Tweede kamer akkoord met uitbreiding van het briefgeheim

De Tweede Kamer heeft unaniem ingestemd met de uitbreiding van het brief- en telefoongeheim. Het briefgeheim is in de Grondwet verankerd en is nog niet van toepassing op elektronische communicatie zoals e-mail of WhatsApp. Daarmee is de huidige regeling op zijn zachtst gezegd achterhaald te noemen.

Door Inge Hoiting

Het briefgeheim dateert van 1848. In 1983 is het telefoon- (en het telegraafgeheim) ook opgenomen in de Grondwet. Tegenwoordig verloopt een groot deel van onze communicatie digitaal, maar in de Grondwet wordt daar nu nog geen rekening mee gehouden.

Briefgeheim
Artikel 13 van de Grondwet biedt bescherming tegen het onderscheppen of afluisteren van poststukken en telefoongesprekken. Zonder toestemming van de geadresseerde mag een derde de inhoud niet tot zich nemen. Dat geldt ook voor de overheid, behoudens wettelijke uitzonderingen. Zodra de brief of het telefoongesprek de ontvanger heeft bereikt, vervalt het briefgeheim.

Telecommunicatiegeheim
Sinds 2014 is de wetgever ermee bezig om ook elektronische communicatie bescherming te bieden onder artikel 13 Grondwet. Het is de bedoeling dat de Grondwet niet enkel naar het briefgeheim en in de wet opgesomde communicatiemiddelen verwijst. Het voorstel dat door de Tweede Kamer is aangenomen luidt daarom als volgt: ‘Ieder heeft recht op eerbiediging van zijn brief- en telecommunicatiegeheim.’

De achterliggende gedachte is dat de grondwettelijke bescherming zo kan worden uitgebreid naar alle bestaande en toekomstige digitale communicatiemiddelen.

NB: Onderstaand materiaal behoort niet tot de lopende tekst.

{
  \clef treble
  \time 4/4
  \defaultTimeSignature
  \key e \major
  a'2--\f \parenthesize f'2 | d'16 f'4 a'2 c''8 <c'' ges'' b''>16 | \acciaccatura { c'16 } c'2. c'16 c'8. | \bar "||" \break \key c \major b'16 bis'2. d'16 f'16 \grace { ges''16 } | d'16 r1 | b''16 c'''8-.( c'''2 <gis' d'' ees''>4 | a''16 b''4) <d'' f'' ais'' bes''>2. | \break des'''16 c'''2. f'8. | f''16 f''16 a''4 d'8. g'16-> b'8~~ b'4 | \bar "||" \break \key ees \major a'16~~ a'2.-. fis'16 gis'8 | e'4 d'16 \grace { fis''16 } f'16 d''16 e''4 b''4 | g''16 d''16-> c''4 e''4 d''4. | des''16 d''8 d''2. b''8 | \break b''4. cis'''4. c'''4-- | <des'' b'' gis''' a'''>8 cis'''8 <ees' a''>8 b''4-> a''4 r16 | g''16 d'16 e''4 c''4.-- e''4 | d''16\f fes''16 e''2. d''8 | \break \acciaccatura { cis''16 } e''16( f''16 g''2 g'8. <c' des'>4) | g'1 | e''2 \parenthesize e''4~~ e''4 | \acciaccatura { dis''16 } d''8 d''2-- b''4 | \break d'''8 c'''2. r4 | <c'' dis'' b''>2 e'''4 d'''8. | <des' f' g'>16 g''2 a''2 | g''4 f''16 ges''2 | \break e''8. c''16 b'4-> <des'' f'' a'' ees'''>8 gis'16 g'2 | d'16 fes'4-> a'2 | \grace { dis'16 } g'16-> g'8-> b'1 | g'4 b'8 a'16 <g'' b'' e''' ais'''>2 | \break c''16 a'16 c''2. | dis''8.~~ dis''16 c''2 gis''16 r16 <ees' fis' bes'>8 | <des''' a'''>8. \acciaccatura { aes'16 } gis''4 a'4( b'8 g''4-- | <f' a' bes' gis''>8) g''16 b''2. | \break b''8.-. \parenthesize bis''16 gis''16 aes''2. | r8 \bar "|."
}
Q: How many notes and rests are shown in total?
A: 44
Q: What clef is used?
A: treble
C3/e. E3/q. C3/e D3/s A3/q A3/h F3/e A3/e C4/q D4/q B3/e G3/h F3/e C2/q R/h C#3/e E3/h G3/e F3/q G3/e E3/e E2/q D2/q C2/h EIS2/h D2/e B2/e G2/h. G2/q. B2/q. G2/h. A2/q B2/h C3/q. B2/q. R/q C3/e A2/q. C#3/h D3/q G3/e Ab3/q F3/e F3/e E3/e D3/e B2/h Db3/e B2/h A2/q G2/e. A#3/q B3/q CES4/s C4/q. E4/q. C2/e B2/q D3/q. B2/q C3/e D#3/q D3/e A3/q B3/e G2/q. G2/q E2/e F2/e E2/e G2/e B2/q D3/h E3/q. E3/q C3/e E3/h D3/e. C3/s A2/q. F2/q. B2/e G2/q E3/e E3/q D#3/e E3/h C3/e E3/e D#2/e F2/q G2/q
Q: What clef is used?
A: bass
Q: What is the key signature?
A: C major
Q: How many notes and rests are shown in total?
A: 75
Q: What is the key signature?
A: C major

Denk daarbij aan e-mails, social media of bestanden die in de ‘cloud’ worden opgeslagen. Op die manier doet de Grondwet recht aan nieuwe sociale, technische en culturele ontwikkelingen in onze informatiemaatschappij, aldus de wetgever.

Nationale veiligheid
Momenteel staat artikel 13 Grondwet schending van het briefgeheim alleen toe als de rechter toestemming geeft. Telefoongesprekken mogen daarentegen afgeluisterd ‘met machtiging van hen die daartoe bij de wet zijn aangewezen’. Rechterlijke tussenkomst is in dat geval niet nodig.

Nu het briefgeheim wordt gemoderniseerd vindt de wetgever het niet langer wenselijk om onderscheid te maken. De nieuwe hoofdregel is dat de rechter goedkeuring moet geven voor schending van het brief- en telecommunicatiegeheim. Die toestemming mag volgens het voorstel ‘in het belang van de nationale veiligheid’ soms achterwege blijven.

Het wetsvoorstel tot uitbreiding van het briefgeheim gaat nu door naar de Eerste Kamer voor behandeling.